Excellent video, The info about low air flow at high speed was great. I've seen so many videos telling me to do the snorkel swap, but you are the first to explain why. Definitely subbed
Great vedio, I just got the snokle in do you have the length of your custom add on as you showed how it was in the perfictc spot mounted in the vedio. The rest is straight forward. Could duck taped card board be used if you can't get the material you used. If it's not getting wet I would think making 1 and a spare out of duck taped card board should work ? Your input would be appreciated.
That is a great and pretty easy to do mod, depending on what bike you have and other mods already done to it.... OH man, gonna have to spend a lot of time going over my bike now and writing a whole new list........

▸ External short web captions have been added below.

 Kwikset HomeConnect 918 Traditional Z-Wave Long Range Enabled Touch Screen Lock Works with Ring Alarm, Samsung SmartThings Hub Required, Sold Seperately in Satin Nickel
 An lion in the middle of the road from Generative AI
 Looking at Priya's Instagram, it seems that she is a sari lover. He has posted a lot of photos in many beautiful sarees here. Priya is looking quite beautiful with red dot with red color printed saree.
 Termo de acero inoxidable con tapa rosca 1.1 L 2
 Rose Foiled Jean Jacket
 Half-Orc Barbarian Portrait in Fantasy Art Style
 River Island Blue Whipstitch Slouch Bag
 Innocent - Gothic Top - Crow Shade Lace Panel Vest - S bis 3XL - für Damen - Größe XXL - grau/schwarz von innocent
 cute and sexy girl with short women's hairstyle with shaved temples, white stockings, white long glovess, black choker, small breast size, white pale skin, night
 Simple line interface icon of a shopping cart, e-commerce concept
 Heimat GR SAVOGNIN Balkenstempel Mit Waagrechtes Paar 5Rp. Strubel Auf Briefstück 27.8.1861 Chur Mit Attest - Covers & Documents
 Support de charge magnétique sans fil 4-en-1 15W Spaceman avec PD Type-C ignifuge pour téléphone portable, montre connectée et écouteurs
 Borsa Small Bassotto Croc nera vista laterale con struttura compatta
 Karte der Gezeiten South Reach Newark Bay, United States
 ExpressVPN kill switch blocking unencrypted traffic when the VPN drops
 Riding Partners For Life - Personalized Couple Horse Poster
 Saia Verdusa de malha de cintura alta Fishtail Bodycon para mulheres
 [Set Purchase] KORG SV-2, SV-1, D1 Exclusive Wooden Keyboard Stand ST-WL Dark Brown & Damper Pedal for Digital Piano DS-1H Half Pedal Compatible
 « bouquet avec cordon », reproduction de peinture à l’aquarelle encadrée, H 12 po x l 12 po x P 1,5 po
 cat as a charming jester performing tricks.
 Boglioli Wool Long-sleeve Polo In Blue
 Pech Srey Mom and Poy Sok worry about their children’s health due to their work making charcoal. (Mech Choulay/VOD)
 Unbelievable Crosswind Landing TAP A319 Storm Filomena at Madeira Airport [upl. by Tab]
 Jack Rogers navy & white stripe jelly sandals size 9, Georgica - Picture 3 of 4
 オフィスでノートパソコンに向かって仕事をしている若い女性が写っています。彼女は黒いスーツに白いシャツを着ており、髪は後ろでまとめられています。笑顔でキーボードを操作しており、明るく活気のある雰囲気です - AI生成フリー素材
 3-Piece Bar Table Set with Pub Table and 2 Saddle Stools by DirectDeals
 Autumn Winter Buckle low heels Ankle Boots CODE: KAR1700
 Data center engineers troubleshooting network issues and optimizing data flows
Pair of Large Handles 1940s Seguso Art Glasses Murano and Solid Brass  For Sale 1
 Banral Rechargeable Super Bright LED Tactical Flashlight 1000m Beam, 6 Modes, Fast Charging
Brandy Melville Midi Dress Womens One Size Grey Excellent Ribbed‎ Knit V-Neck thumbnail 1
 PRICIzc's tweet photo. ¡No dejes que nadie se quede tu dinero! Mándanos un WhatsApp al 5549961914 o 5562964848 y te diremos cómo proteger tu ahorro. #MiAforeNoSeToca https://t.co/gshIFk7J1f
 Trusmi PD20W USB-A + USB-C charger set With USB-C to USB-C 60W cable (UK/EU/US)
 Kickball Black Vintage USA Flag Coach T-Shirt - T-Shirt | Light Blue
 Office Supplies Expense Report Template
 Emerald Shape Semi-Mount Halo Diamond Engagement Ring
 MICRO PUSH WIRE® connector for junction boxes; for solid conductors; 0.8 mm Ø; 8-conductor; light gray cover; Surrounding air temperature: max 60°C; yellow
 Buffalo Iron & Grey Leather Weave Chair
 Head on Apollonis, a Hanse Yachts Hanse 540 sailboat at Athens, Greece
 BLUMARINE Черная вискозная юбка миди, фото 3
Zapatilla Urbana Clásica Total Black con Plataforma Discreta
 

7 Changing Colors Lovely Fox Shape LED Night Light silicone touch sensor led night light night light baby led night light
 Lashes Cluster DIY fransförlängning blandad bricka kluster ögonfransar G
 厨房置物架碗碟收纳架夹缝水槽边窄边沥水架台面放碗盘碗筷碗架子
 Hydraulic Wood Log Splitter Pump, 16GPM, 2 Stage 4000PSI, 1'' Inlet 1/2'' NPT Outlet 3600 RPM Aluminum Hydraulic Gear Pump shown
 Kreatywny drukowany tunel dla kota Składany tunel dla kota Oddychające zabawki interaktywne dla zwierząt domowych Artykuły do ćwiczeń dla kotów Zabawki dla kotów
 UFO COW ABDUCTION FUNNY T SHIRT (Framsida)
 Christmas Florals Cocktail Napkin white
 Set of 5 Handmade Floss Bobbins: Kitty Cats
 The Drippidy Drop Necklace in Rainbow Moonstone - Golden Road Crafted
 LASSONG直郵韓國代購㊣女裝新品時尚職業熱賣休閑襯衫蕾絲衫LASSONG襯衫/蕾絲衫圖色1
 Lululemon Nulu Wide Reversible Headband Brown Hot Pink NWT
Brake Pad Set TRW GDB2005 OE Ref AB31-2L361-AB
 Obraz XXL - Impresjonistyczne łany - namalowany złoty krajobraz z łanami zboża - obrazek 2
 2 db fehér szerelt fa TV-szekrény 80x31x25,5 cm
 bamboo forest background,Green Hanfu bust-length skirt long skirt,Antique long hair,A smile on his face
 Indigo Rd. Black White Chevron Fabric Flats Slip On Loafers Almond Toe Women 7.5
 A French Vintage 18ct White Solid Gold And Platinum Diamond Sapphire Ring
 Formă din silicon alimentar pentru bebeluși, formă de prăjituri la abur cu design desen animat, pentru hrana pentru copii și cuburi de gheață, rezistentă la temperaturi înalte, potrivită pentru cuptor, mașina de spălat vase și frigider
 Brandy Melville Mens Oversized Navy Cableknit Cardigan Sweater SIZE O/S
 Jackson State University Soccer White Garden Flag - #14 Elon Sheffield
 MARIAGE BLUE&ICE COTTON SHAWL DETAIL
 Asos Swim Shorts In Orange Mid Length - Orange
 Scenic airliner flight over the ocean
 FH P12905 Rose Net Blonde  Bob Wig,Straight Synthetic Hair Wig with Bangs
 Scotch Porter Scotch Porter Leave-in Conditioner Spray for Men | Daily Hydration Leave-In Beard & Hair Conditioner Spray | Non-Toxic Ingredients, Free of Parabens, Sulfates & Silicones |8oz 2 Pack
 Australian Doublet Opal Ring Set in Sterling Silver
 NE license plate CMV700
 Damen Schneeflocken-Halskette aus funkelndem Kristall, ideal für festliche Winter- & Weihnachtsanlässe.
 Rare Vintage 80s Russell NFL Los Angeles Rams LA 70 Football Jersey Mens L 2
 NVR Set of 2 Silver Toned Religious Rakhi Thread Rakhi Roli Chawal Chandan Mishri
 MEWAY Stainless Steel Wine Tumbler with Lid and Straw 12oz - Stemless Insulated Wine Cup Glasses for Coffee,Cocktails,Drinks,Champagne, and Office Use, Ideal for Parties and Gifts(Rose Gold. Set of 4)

Hmm my 2012 KLX 250 does not have a snorkel, although otherwise the airbox is identical. The bike was modified by the dealer with an FMF exhaust. Apparently they took the snorkel out too. The bike does not transition from idle to power smoothly, but I have not modified the carb other than to clean the jets with carb cleaner. Also other riders report a puff of black smoke when I really get on the gas, possibly indicating running rich because it does not smoke under any other condition, only at full throttle. No smoke at startup even cold, no smoke under normal operation, only smokes a bit under full throttle usually when I am trying to get to highway speed as fast as it will go. I asked my wife about the color and she says more grey-black than blue-black in her opinion, and it is a whiff more than a cloud. (She follows me along on a TW 200. This is a 1996 TW and it does not smoke at all and transitions from idle without hesitation, is all stock and has 5 times the km on it, but it isn't as fast by a stretch. I have also opened that carb to clean the jets but also all I did to it.) I am also suspicious the dealer entered the carb because one of the bowl screws was slightly damaged. Could they have re-jetted it? I don't know how to tell what jet it's got and what it should have. Anyway I did take it apart but all I did was clean the jets and spray some carb cleaner around for fun, but the carb was pretty clean other than the pilot jet which was plugged (from sitting over the winter, my bad). The fuel screw appears to still be factory sealed, or was re-sealed, although I don't know why even a dealer would re-seal it. What should I do? Get a snorkel? Re-jet it? Remove the seal and get an adjustable fuel screw? Run without the airbox cover? The main thing I want to do is get a smooth transition from idle to power. But getting rid of the smoke would be nice too especially if it is running rich. The way it is running now it idles fine and it runs under power fine but going from idle to power you have to treat it like a 2-stroke. Rev-rev-rev and go. I think I'd also like a 13 front sprocket. Since the KLM 250 doesn't have great low end to start with, and 6th gear is way high the motor really can't use it except for highway cruising but I think it could easily cruise at 1/14 higher RPM, what do you think of a 13 on the front? Or should one go larger on the back? Or just leave it?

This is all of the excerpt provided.